Bunca yıldır siyaseti yakından izleyen bir gazeteciyim; Ak Parti hakkında şunu söylememe izin verin: Bu parti istemezse oradan kelime haber ve bilgi sızmaz.
Partinin en önemli organı MKYK düzenli olarak Tayyip Erdoğan başkanlığında toplanır ve bu toplantılarda hükümetin bakanlarına çok ağır eleştiriler yöneltilir, ama biz gazeteciler o eleştirilerden çoğu zaman haberdar bile olmayız. Çünkü Ak Parti’de dudaklar çok sıkıdır.
Ama son MKYK toplantısında Cumhurbaşkanı ve Genel Başkan Tayyip Erdoğan’ın seçim sonuçlarına ilişkin değerlendirmelerini neredeyse kelime kelime öğrendik. Nasıl oldu bu?
Hayır, gazeteciler birilerinin peşine düştü de MKYK üyelerinden bu konuşmayı kelime kelime almadı. Erdoğan’ın konuşması neredeyse bir yazılı metin olarak gazetelere, web sitelerine yollandı. Sonra bu ilk metinde sakınca görülmüş olmalı, sansürlenmiş ikinci bir metin de yollandı. Murat Yetkin’in yazısı bu konuda aydınlatıcı.

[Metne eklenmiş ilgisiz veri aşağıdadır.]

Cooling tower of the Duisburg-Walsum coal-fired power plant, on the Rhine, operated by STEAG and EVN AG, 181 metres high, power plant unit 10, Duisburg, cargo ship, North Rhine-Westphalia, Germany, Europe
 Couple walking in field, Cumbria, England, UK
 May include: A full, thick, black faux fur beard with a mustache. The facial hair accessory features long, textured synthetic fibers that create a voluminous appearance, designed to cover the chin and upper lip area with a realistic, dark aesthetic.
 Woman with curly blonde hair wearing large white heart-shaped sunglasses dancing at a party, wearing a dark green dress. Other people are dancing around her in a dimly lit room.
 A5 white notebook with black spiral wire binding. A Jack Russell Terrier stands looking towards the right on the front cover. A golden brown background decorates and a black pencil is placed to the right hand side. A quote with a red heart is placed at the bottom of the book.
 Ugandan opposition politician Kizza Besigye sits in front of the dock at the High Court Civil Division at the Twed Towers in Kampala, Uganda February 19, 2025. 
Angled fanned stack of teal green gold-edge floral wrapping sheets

Peki Erdoğan’ın seçime ilişkin özeleştirisinin vurucu tarafı ne? Burada çok nüanslı konuşuyor Cumhurbaşkanı. ‘Seçim yenilgisi tek sebebe indirgenemez’ diyor; pek çok sebep sayıyor. Yani bazı Ak Parti analistlerinin sığındığı ‘küskün seçmen’ argümanına tek başına sarılmıyor; onun yanında başka sebepler de sayıyor kendince.
‘Ak Parti sadece oy kaybetmedi, ruhunu da kaybetti’ cümlesiyle ‘Ben dahil hiç kimse layüsel (hesap veremez) değil’ cümlesi benim dikkatimi çekenler.
Erdoğan bu sorunları çözebilir mi çözemez mi, o ayrı bir tartışma. Bence çözemez ama burada daha önemli olan seçim sonuçlarıyla bu gerçekçilikte yüzleşmek.